Business Services Industry

ENDESA Awards Viesgo to ENEL for Euro 2,147 Million

Business Wire, Sept 13, 2001

Business Editors

NEW YORK--(BUSINESS WIRE)--Sept. 13, 2001

ENDESA (NYSE:ELE)

    --  ENEL has offered the highest price in the two rounds, closed
        on August 13th and September 10th respectively, and has
        completely accepted the contractual conditions.

    --  The offer made by ENEL values Viesgo's equity at Euro 1,870
        million. Additionally, ENEL will assume Euro 277 million of
        net debt and provisions.

    --  The portfolio of assets divested amount to 2,365 MW generation
        capacity, which does not include nuclear assets, and a
        distribution market of 500,703 customers.

    --  The price offered for Viesgo is 3% higher than the one paid in
        the last acquisition of a similar integrated electricity
        company in Spain.

    --  After this divestiture, ENDESA has achieved all the capital
        gains expected in the disposal program of its Strategic Plan.

    --  This transaction will reduce by 16.2 percentage points
        Endesa's consolidated leverage over shareholder's equity as of
        June 30th, 2001.

    --  The sale of Viesgo will result in an improvement of
        ENDESA's generation mix, and will better balance its asset
        portfolio.

    --  After this divestiture, ENDESA has a higher margin to build
        new installed capacity in Spain of technologically advanced
        plants, beyond the 1,837 MW currently under construction.

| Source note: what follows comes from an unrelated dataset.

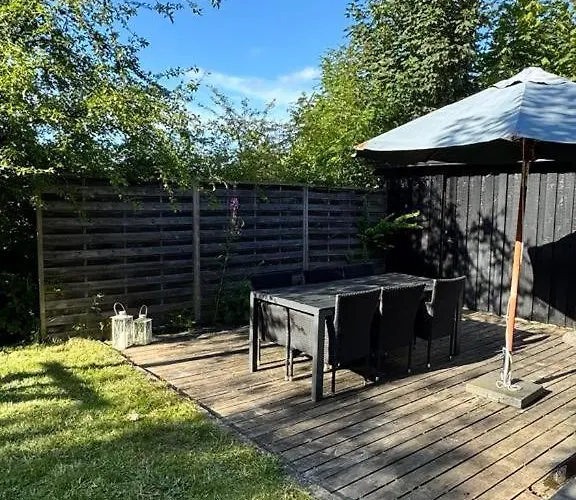 Melby-liseleje-frederiksvaerk Melby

After the deadline established, ENDESA (NYSE:ELE) has evaluated the three offers received from the three companies out of the five that submitted binding offers, and that were offered with a final opportunity to improve their bids.

As a result, Endesa has decided to award Viesgo to Enel, company that has presented the best binding offer in the two rounds. The best offer values 100% of Viesgo's equity at Euro 1,870 million, plus Euro 277 million of net debt and provisions. Enel's offer implied the complete acceptance of the contractual conditions required by the disposal process.

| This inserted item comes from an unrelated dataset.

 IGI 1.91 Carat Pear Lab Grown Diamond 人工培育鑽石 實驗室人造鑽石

The conditions that have been accepted are mainly related to the authorisation process required by the Spanish and EU authorities, to the requirement of labour guarantees and to the maintenance of the coal supply contracts of the power plants divested.

The net capital gains amount to approximately Euro 850 million according to the historical book value of these assets.

-- Assets integrated in Viesgo

The portfolio of assets awarded to Enel, is composed of distribution assets integrated by 100% of Electra de Viesgo I, which includes Endesa's 54.8% stake in BEGASA, and has a total of 500,703 customers whose demand in year 2000 amounted to 4,870 GWh. Electra de Viesgo I's market extends to the Cantabria region and areas of Asturias, Palencia, Burgos and Lugo.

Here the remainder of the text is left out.